In disturbing, yet not unexpected news, the police chief of Berkeley CA sent a uniformed police officer to a reporter’s home at 12:45 a.m. in order to have the reporter change the content of an online story he had written hours earlier. Inside Bay Area/Oakland Tribune reports:

“Minutes after reading a late-night news story online about him that he perceived to be inaccurate, Berkeley Police Chief Michael Meehan ordered a sergeant to a reporter’s home insisting on changes, a move First Amendment experts said reeked of intimidation and attempted censorship.”

Boy, am I glad “First Amendment experts” are on the job to police this sort of thing. I think the rest of us just assume this is how things work in the Bay Area. I’m wondering if the “First Amendment experts” mentioned here actually live in the Bay Area. I can hardly wrap my brain around that. The concept of free speech by too many on the left coast seems to be the right to completely handcuff first response capability and to ignore reasonable police orders regarding the where and when of peaceful protest. But no, like a petulant little baby who cannot wrap its brain around the nuances of reasonable compromise, the Occupy movement demanded it all and demanded it now.

The Left wants the big government binky in the worst way, yet when the tyrannical police binky gets rammed into its GERBER® Organic SmartNourish™ Pureed Peas-hole, it cries foul.

It’s the same freakin’ binky.

Where is Jane Fonda? Where is Gloria Steinem? Maybe they can make some sense out of this; after all, they are First Amendment experts now, perhaps the experts in question. Maybe the reporter, Doug Oakley, should have merely thought what was actually published instead of submitting it to his editor. Fonda and Steinem seem to think it’s reasonable to reduce the First Amendment from “freedom of speech” to “freedom of thought.” Memo to Ms. Fonda: we’ve seen you get together with your fantasy-land buddies to create something this lame before: it was called “California Suite.”

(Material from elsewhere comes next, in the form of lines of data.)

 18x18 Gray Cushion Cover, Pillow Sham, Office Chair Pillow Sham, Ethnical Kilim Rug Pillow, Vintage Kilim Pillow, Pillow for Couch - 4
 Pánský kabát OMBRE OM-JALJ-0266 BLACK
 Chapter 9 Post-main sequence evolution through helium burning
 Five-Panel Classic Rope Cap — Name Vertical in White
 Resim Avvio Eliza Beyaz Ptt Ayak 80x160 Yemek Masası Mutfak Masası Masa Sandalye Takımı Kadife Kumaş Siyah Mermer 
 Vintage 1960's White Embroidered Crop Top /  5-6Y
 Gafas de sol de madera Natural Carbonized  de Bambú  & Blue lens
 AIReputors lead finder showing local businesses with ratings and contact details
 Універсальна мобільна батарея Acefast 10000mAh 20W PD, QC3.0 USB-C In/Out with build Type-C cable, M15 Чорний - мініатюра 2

Maybe it is time to increase the power of the state to enforce this new take on the First Amendment. Maybe Police Chief Meehan can head up the new federal agency to police the new, Fonda-Steinem doctrine of “STFU, We Don’t Like You, So Keep it to Yourself.” He seems like he has just enough poor judgment to be perfectly suited to enforce this monstrosity of intellect.

The essence of the Bay Area seems to be irony, at least to a Midwestern dolt like me. A cursory view of Berkeley Councilperson Jesse Arreguín’s webpage reads like a “Today in Irony” feature. In one story, non-compliance with federal officials on illegal immigration is vowed… then a few stories below, Arreguín meets with President Obama and tries to secure more federal subsidies for Berkeley. I fully expected to find exactly what I found when I clicked on the link. The Bay Area has become a caricature of itself. We all know the feds are only busting down a few doors here and there to make it look like they aren’t completely ignoring the nullification of federal laws in California… those are a lot of electoral votes out there!

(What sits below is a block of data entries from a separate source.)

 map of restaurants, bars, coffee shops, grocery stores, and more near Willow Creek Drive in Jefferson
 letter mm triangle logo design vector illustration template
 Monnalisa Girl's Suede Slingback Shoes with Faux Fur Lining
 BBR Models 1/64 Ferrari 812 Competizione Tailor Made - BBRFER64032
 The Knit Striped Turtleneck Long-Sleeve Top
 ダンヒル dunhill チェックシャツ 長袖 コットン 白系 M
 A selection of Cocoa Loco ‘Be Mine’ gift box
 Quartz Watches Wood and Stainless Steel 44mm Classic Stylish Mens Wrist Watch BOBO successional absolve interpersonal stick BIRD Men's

Then you have the leftover radicals from the 60s and their newbie acolytes who bring things to a fever pitch, the authorities who respond in kind, and the bad things that invariably happen as a result. Of course it simply has to be ironic; it’s nullification of federal laws and the procurement of federal benefits all rolled into one. It’s bourgeois unrest with proletarian rhetoric. It’s the promise of a larger safety net with zero dollars in the bank. It’s self-sufficiency with constant pleading for more federal and state Ponzi scheme dollars. It just makes no sense. Like Sammy Hagar singing for Van Halen, I just doesn’t add up. Jamie’s not crying… she’s having a nervous freaking breakdown.

Regarding the late night visit to the reporter’s home, Police Chief Meehan defended himself as being out of sorts after a boisterous Tuesday night meeting with Berkeley residents. A meeting! Now we are getting somewhere… perhaps the people of Berkeley aren’t totally off the deep end. Maybe through that perpetual cloud of organic smoke and city deficit there is a glimmer of clarity. The meeting revolved around police conduct regarding the murder of Peter Cukor last month. The police were under fire because they did not respond to a call Cukor made to a non-emergency police line shortly before he was beaten to death with a flower pot in his own yard. Cukor called because there was an intruder in his yard, a person who eventually killed him. The police claimed they were too, um, occupied with the Occupy protest and were only sending out units on calls made to 911. Cukor’s wife eventually wife called 911, and officers were dispatched immediately.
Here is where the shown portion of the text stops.